A hugely charismatic performer, Matthews has been captivating international crowds for two decades now, working with the A-list likes of Herbie Hancock and Mulatu Astatke and winning accolades including a Best Live Performance nomination at the 2018 Jazz FM Awards along the way. His live shows are testaments to the power and potential of the voice, each show imbued with the sort of fourth-wall-smashing dynamism so intrinsic to the roots of jazz.
A recent turn as a featured vocalist in the 2019 BBC Prom Duke Ellington: Sacred Music at the Royal Albert Hall proved as revelatory for Matthews as it did for those around him: “At the centre of the music is spirituality and hope. Ellington wrote variations on this theme and made every performer integral to the music in a deep, meaningful way. It reminded me that the essence of the Walter Tull story is living your truth, and that I’m like a conduit for this message.”
The son of parents from Grenada, a 50-minute flight across the Caribbean from Barbados, Matthews has also battled discrimination in order to follow his truth both as an artist and a human being. Like many people of colour, he’s had to leap higher hurdles to gain recognition. Racism is racism, he says, referencing a shock verbal encounter on the streets of Folkestone, Kent, where he moved with his family five years ago, to a house near the home in which Walter Tull was born.
“I knew that this was not necessarily the future of Folkestone because of the bright, engaged young people I meet there. I’ve done outreach work in schools where I tell the story of Walter in my own way artistically. And like most things which have real meaning,” he adds with a smile, “I didn’t feel like it was the end.”
The musicians gracing Walter Tull in B Major are among the finest in Britain today: award-winning double bassist Vidal Montgomery, the driving force behind artists such as Omar, Courtney Pine and Carleen Anderson. Drummer/percussionist Tristan Banks, erstwhile collaborator with icons from Roy Ayers to Marcos Valle and lynchpin of rising star trio Hexagonal. Lauded pianist and composer Alcyona Mick, whose CV spans the London Jazz Orchestra and headline acts Yazz Ahmed, Tori Freestone and Ibrahim Maalouf.
Matthews has collaborated with all three musicians on material for the show, and particularly with Mick (“Alcyona has such sensitive musicianship, and I appreciate her strong feelings on where we can go harmonically).“ There will be pieces that make the most of Matthews’ famed improvisatory skills – a football scene, say, or a battlefield, reimagined on the fly – and songs that tell of home and work and the strength that comes from truth, synergy and love.
The song ‘Walton Road’ visualises Tull’s childhood home in a terraced house in Folkestone, the family seated around the hearth, his siblings chattering, his mother combing his hair. His father speaking in a voice whose broad Barbadian accent is both reassuring and at odds with the whiteness of the seaside town they find themselves in.
“I can recall eating salt fish and yam as a kid in Camden while listening to my parents’ Caribbean voices,” says Matthews. “Walter’s father arrived in England hoping for a better life, and like Walter and so many people of colour in those times his very presence would have evoked strong reactions and feelings in people.

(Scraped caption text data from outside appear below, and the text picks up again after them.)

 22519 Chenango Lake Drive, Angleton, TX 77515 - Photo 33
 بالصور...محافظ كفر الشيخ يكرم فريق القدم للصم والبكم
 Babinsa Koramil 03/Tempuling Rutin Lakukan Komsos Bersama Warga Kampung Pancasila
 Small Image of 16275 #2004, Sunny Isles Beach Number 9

The show is also a reminder that black British history predates the Windrush.”
Another song, ‘Working It’, is a rhythmic ode to Tull’s apprenticeship in a printing yard, all handclaps and a capella voices, loop samples and harmoniser.
Then there is the compelling title track, with its pulsing B major chords and ‘be major’ theme.

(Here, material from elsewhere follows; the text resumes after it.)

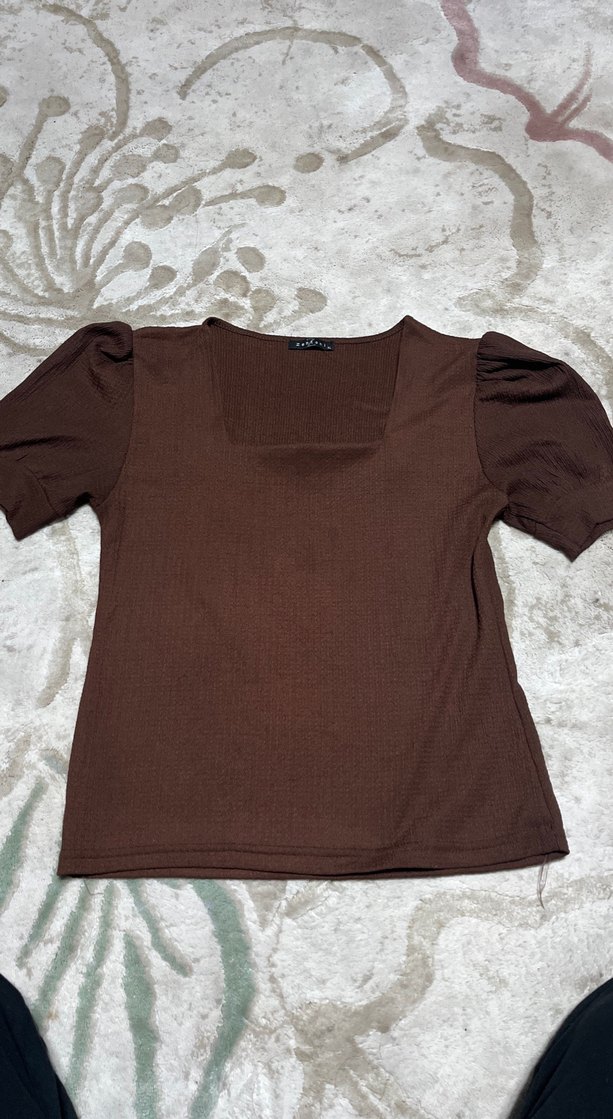 Kahverengi kare Yaka Kısa Kollu Kadın Bluz - Görsel 2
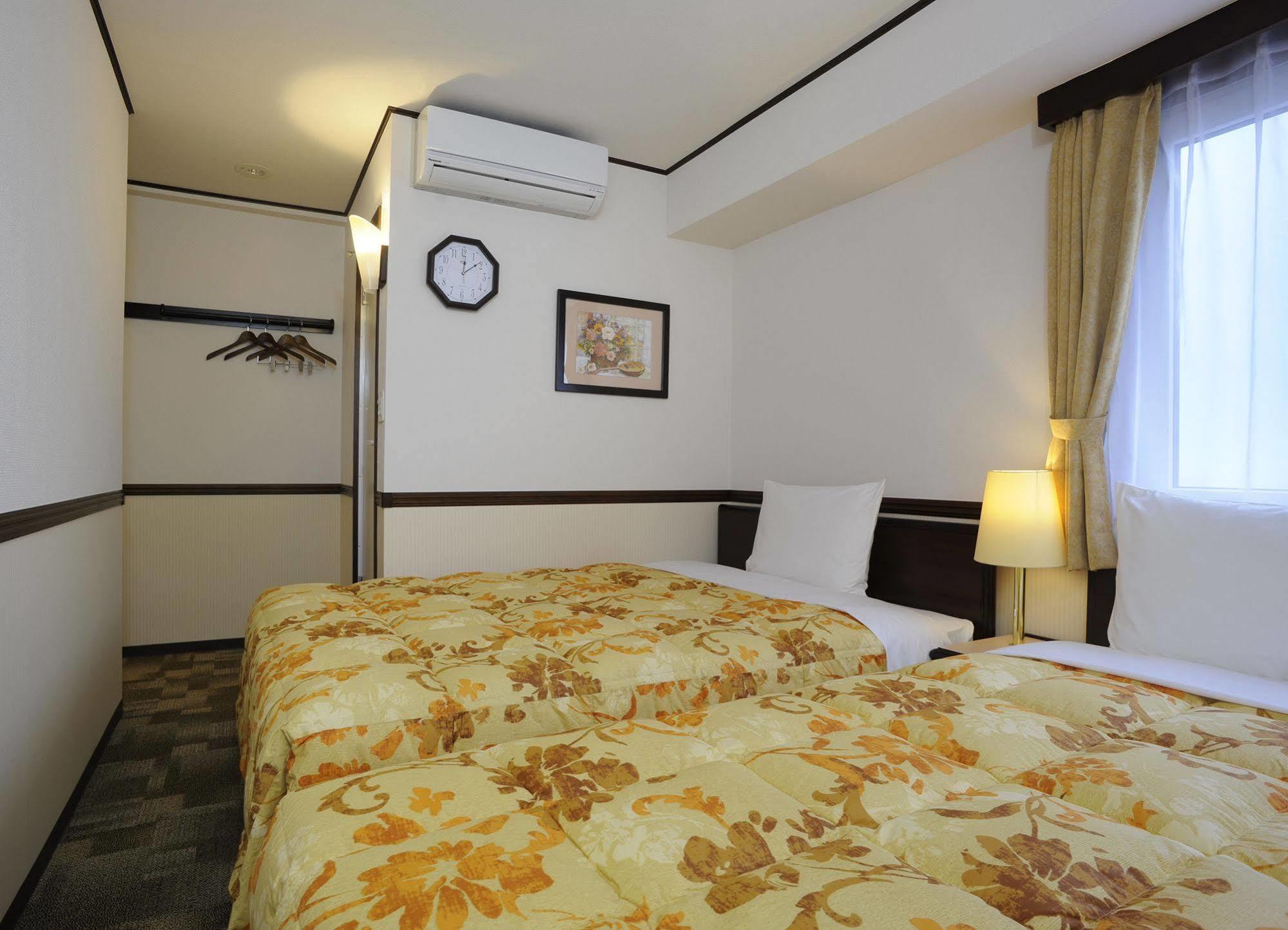 Toyoko Inn Sakudaira-Eki Asama-Guchi מראה חיצוני תמונה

“It’s a utopian view, given the atrocity of war and a life – lives – cut short, Matthews offers. “But we stand on the shoulders of the giants who went before us, and so many of us aren’t even aware these people existed. There’s a new generation of young black footballers who could do with knowing who Walter Tull was, and everyone everywhere can find inspiration in Walter’s courage and composure in the face of adversity.”
At a time when people of colour are still treated as lesser than, still denied equality on the pitch and off, Walter Tull in B Major prompts us to live our best lives, to confront the obstacles that seek to diminish, to have hope, stay positive.
Be major.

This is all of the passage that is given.